DATA RECORDS:
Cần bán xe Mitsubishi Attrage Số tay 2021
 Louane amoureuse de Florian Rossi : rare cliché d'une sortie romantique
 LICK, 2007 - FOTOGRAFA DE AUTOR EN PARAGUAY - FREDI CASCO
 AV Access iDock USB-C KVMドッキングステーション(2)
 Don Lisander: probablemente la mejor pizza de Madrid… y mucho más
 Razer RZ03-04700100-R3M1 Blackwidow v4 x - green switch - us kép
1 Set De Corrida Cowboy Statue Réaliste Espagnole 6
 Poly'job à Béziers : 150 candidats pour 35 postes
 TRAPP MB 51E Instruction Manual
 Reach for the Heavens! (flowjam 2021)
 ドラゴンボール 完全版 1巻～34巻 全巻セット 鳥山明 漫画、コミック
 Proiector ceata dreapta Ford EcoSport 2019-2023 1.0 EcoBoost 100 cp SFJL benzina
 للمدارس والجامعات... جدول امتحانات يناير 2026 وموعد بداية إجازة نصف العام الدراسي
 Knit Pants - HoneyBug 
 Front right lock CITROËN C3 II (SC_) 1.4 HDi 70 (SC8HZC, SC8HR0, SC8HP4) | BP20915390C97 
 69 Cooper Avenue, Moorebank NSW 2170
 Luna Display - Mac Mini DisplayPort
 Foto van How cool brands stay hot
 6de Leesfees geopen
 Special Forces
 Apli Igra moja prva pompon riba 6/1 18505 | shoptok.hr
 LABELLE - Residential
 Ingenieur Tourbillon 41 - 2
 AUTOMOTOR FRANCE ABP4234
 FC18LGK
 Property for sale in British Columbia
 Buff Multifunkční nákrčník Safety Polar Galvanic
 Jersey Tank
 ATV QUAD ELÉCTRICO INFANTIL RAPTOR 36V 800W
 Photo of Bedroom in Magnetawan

ABOUT THIS EXERCISE:
Begin at the first line of the entries above and copy every line exactly, ending with the line that contains "Knit Pants - HoneyBug".

WRITTEN RESPONSE:
Cần bán xe Mitsubishi Attrage Số tay 2021
 Louane amoureuse de Florian Rossi : rare cliché d'une sortie romantique
 LICK, 2007 - FOTOGRAFA DE AUTOR EN PARAGUAY - FREDI CASCO
 AV Access iDock USB-C KVMドッキングステーション(2)
 Don Lisander: probablemente la mejor pizza de Madrid… y mucho más
 Razer RZ03-04700100-R3M1 Blackwidow v4 x - green switch - us kép
1 Set De Corrida Cowboy Statue Réaliste Espagnole 6
 Poly'job à Béziers : 150 candidats pour 35 postes
 TRAPP MB 51E Instruction Manual
 Reach for the Heavens! (flowjam 2021)
 ドラゴンボール 完全版 1巻～34巻 全巻セット 鳥山明 漫画、コミック
 Proiector ceata dreapta Ford EcoSport 2019-2023 1.0 EcoBoost 100 cp SFJL benzina
 للمدارس والجامعات... جدول امتحانات يناير 2026 وموعد بداية إجازة نصف العام الدراسي
 Knit Pants - HoneyBug 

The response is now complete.